__WHAT TO DO__: Output only the lines below from the one holding "Used 2015 GMC Acadia SLT FWD image 24" down to the one holding "Chanel 香奈兒 Leather Goods", both end lines included and every picture dropped.

»»

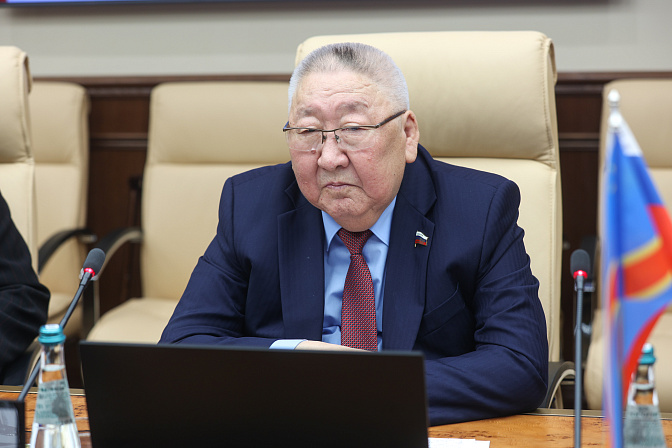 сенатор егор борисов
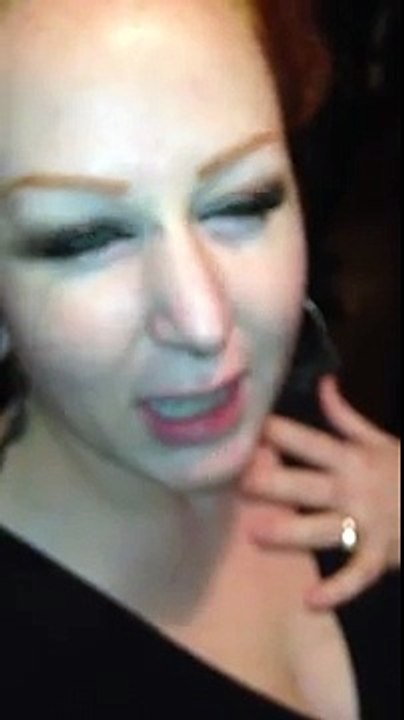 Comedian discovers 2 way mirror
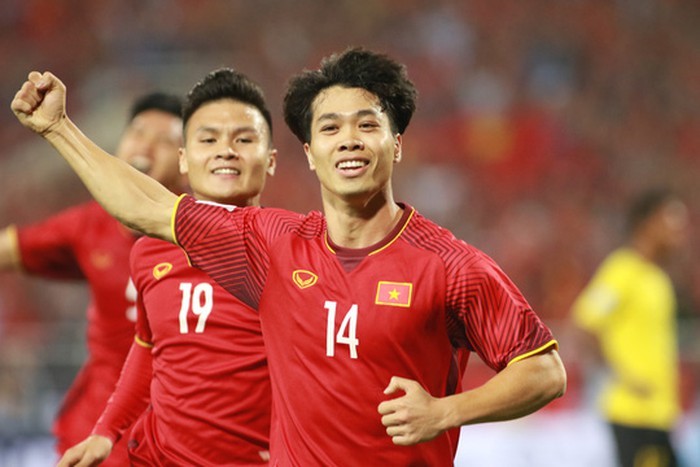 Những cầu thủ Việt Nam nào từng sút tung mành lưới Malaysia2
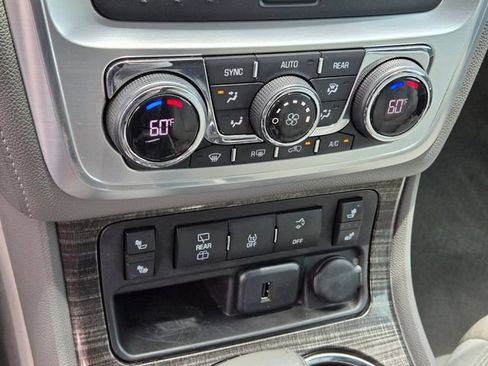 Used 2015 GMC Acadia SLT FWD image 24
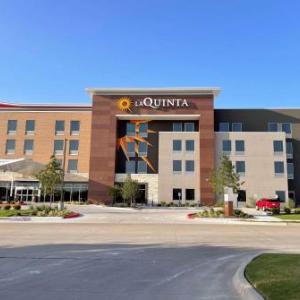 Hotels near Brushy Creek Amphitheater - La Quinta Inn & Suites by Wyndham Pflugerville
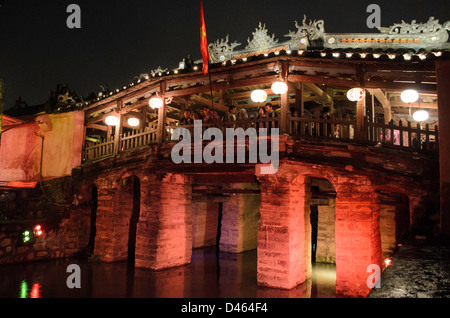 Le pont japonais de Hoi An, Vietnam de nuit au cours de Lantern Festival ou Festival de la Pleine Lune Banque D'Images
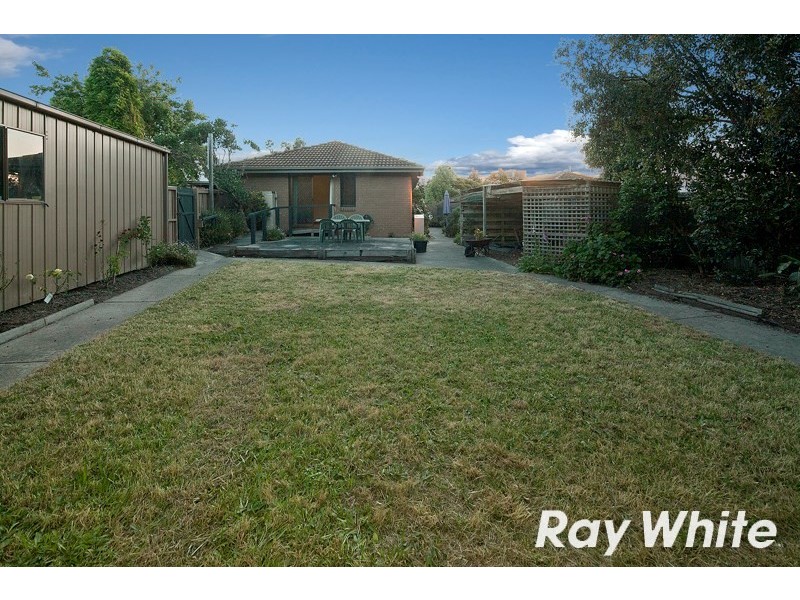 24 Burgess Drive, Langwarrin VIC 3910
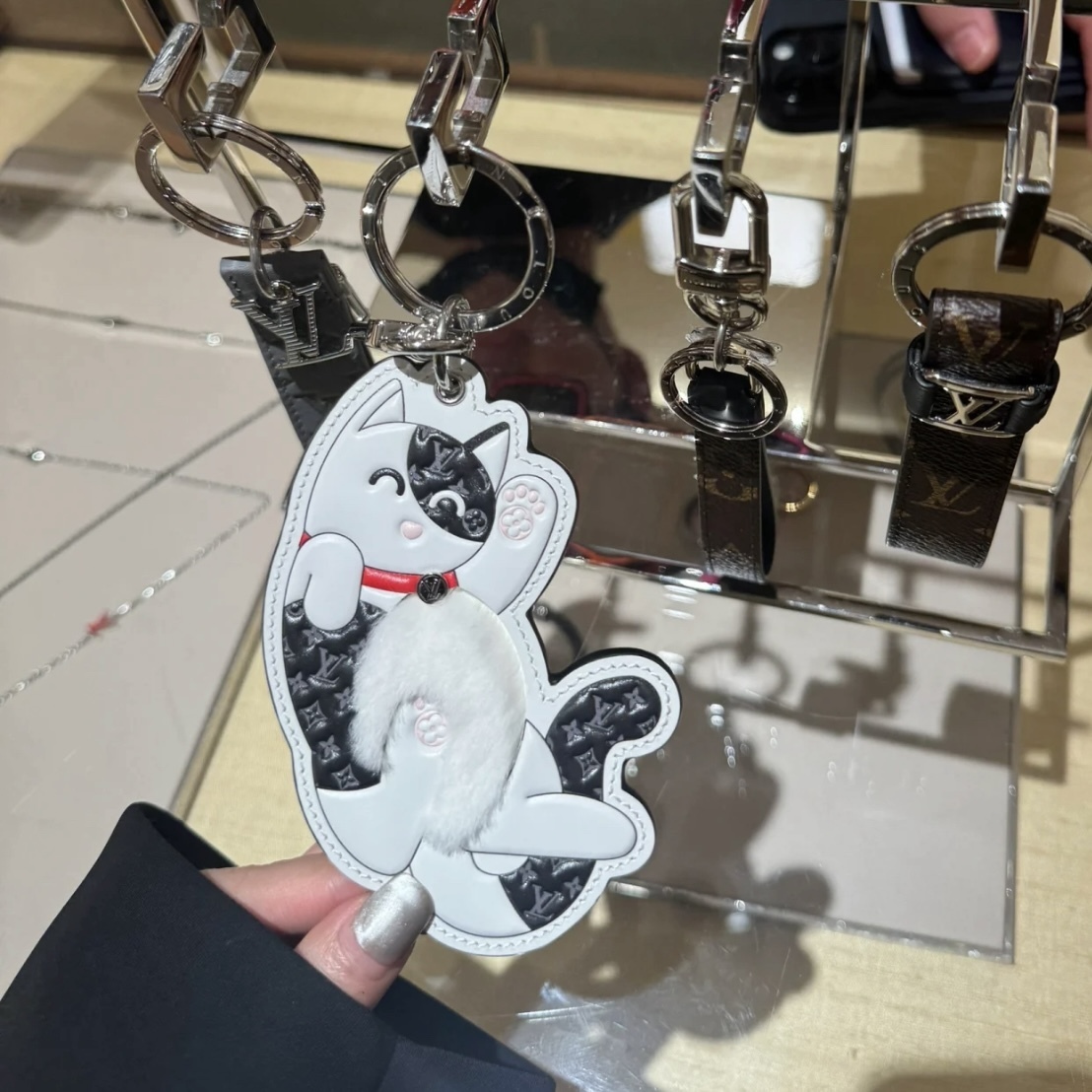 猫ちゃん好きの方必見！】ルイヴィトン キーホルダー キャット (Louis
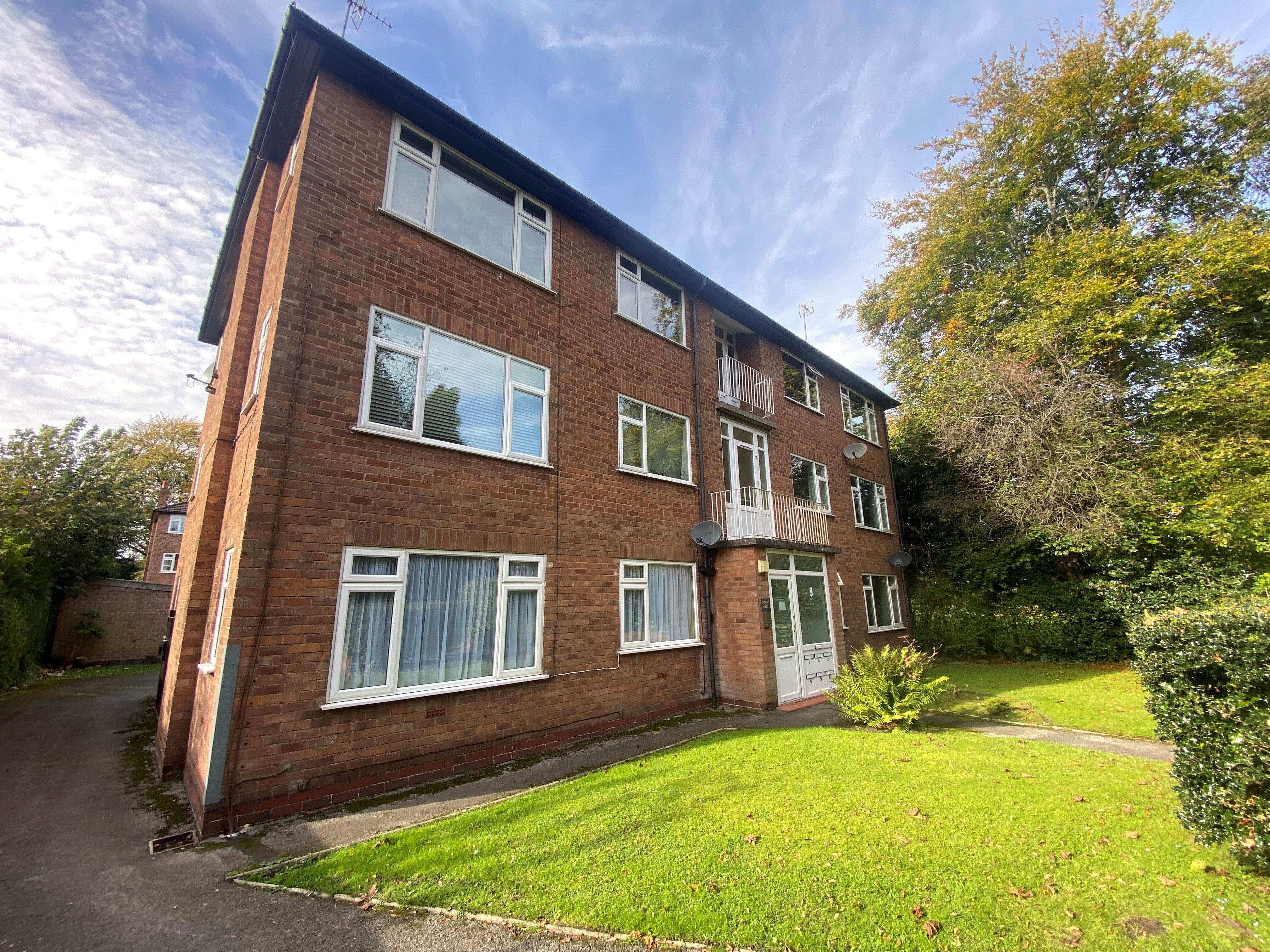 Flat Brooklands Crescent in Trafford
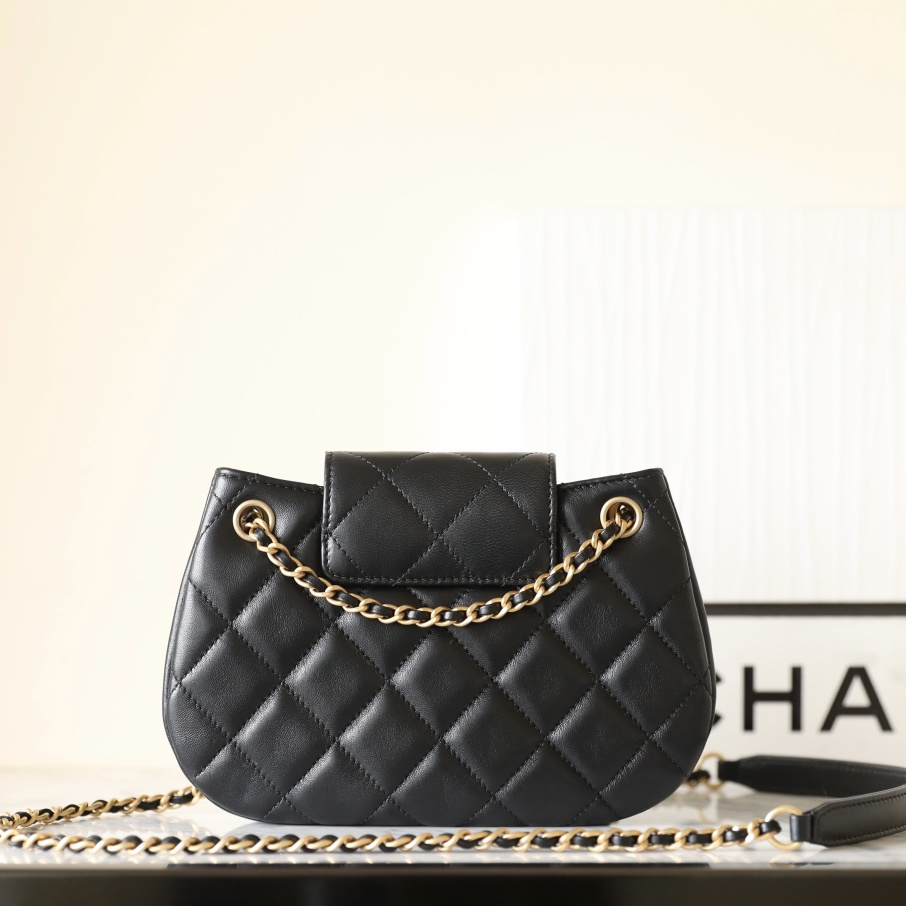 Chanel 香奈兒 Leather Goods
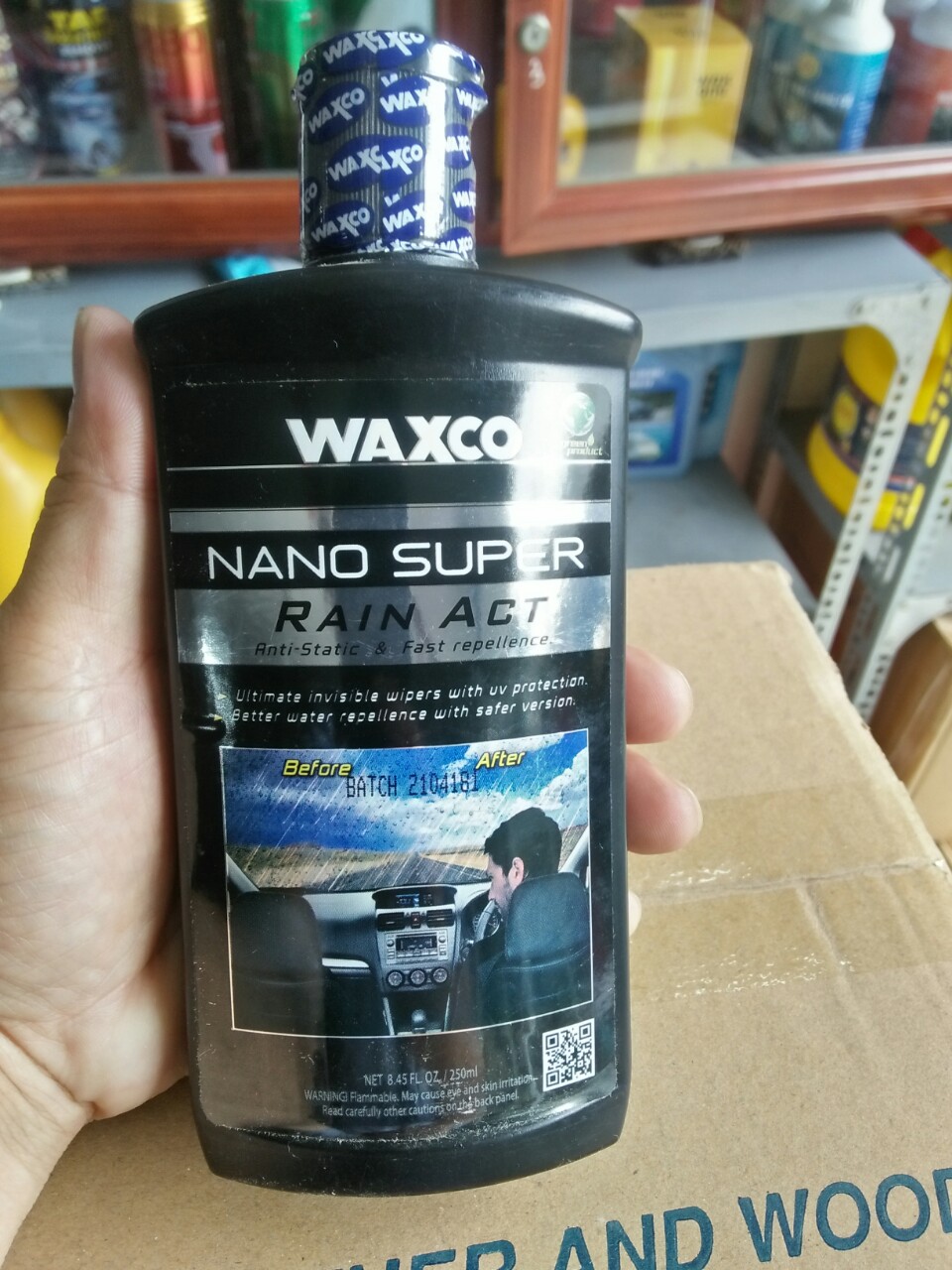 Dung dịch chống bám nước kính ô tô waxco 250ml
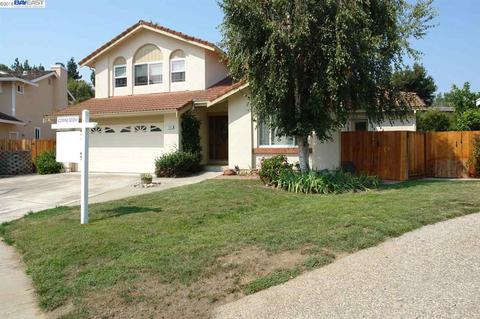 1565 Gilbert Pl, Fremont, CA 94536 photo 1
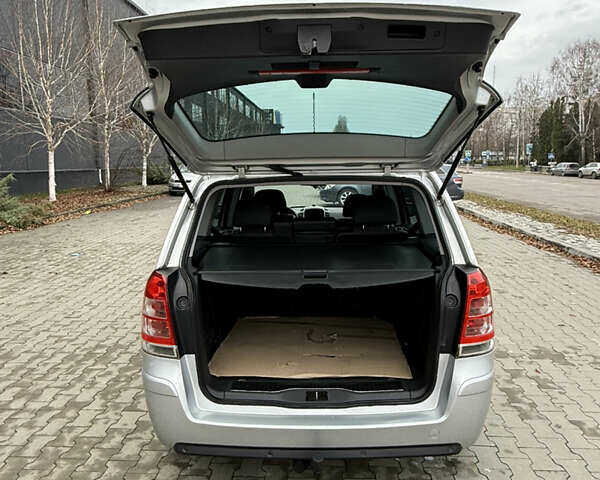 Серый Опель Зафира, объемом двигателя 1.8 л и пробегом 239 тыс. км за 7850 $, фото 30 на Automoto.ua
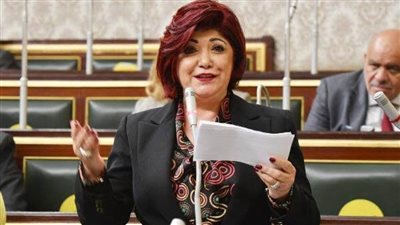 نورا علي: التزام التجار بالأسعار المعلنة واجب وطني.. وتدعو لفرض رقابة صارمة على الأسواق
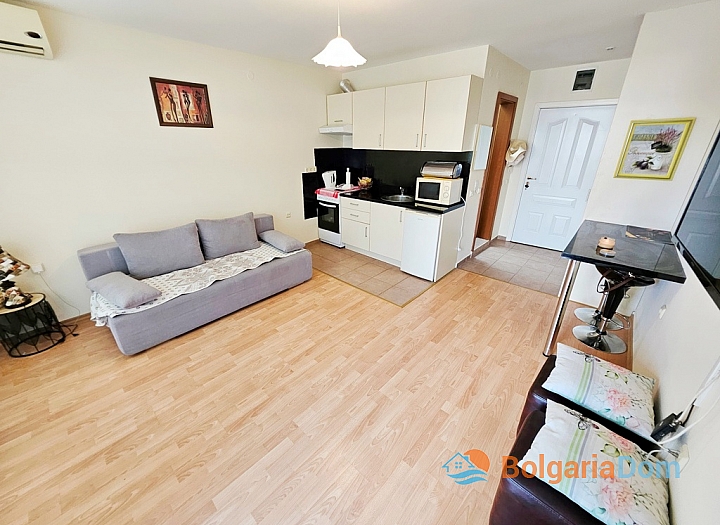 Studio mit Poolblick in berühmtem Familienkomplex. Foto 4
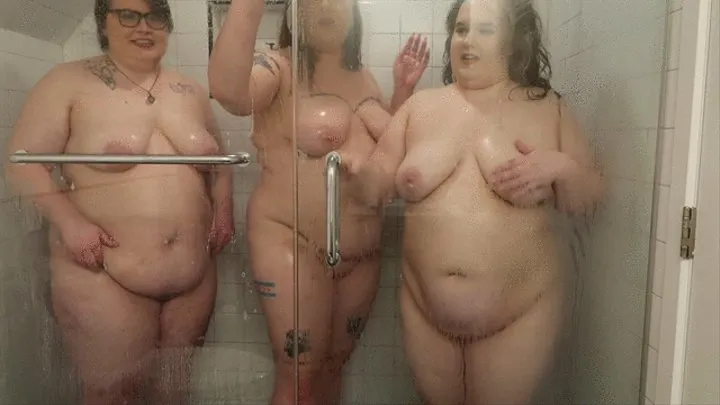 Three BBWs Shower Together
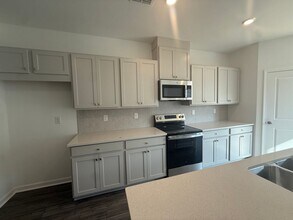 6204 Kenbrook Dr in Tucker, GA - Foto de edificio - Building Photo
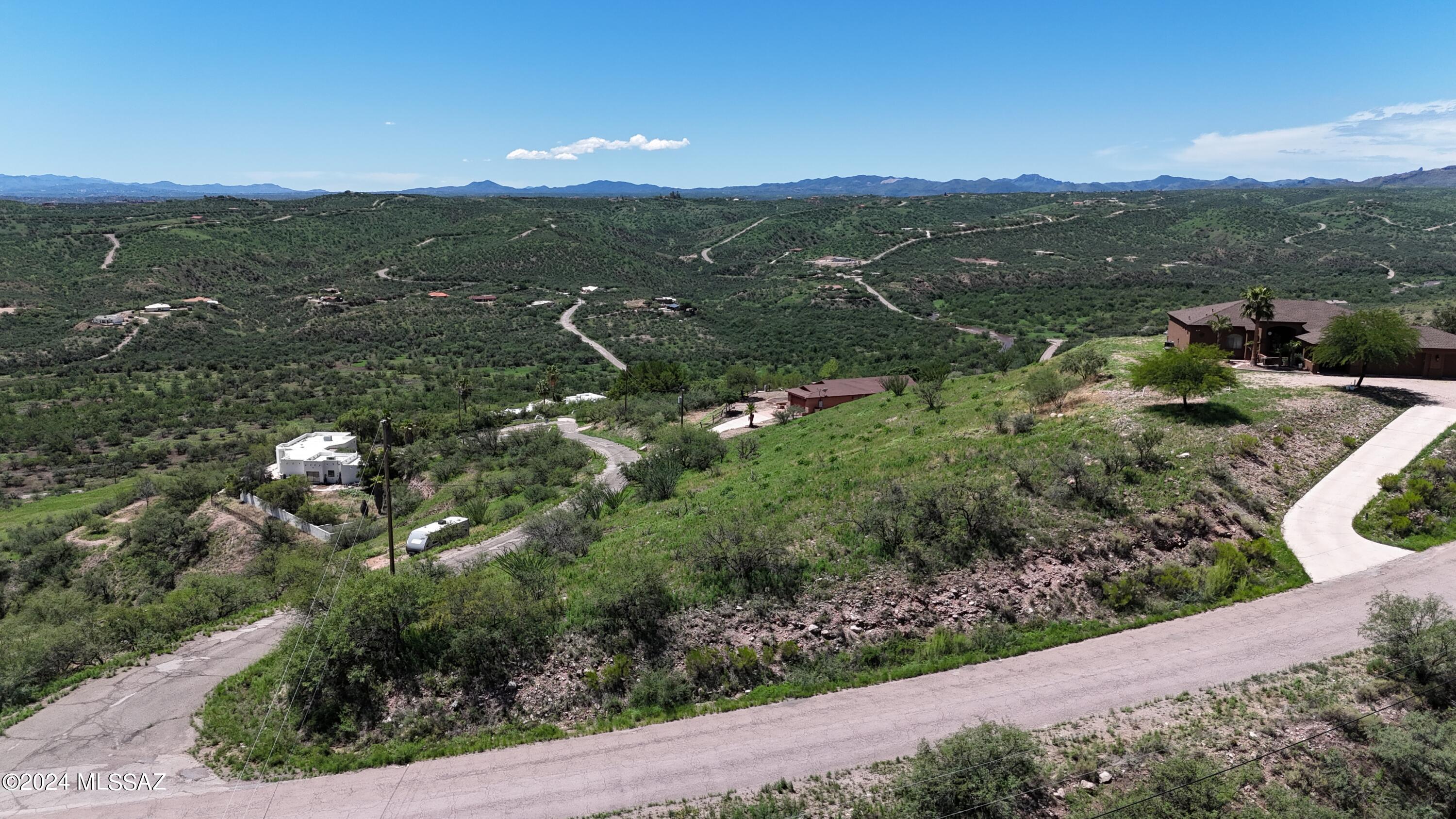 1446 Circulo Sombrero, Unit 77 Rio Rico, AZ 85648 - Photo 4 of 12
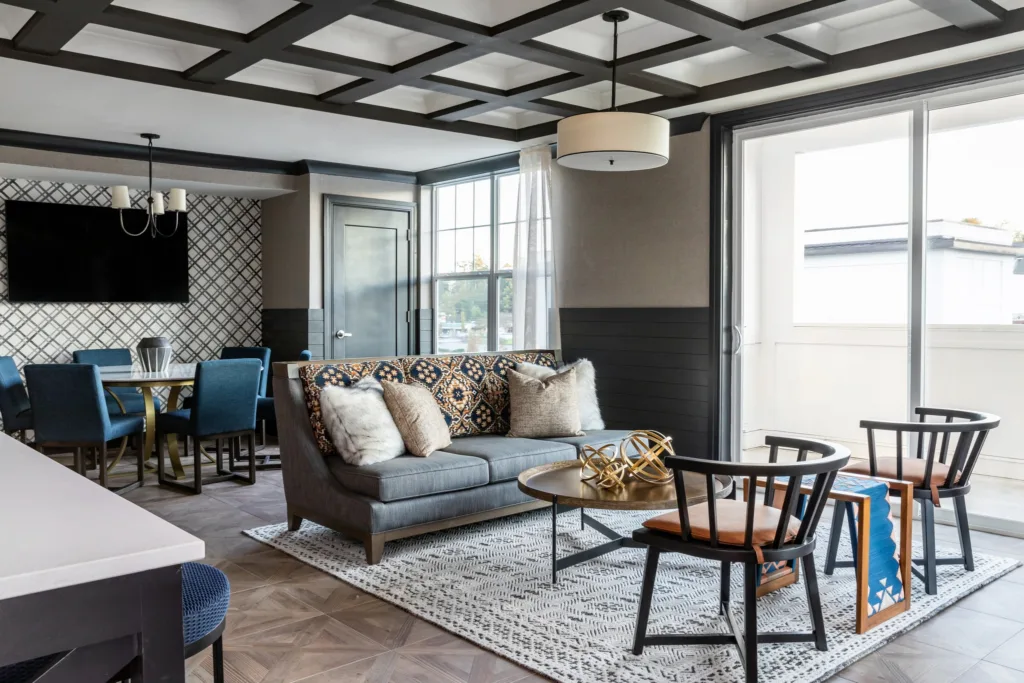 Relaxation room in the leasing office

««

__YOUR SOLUTION__:
 Used 2015 GMC Acadia SLT FWD image 24
 Hotels near Brushy Creek Amphitheater - La Quinta Inn & Suites by Wyndham Pflugerville
 Le pont japonais de Hoi An, Vietnam de nuit au cours de Lantern Festival ou Festival de la Pleine Lune Banque D'Images
 24 Burgess Drive, Langwarrin VIC 3910
 猫ちゃん好きの方必見！】ルイヴィトン キーホルダー キャット (Louis
 Flat Brooklands Crescent in Trafford
 Chanel 香奈兒 Leather Goods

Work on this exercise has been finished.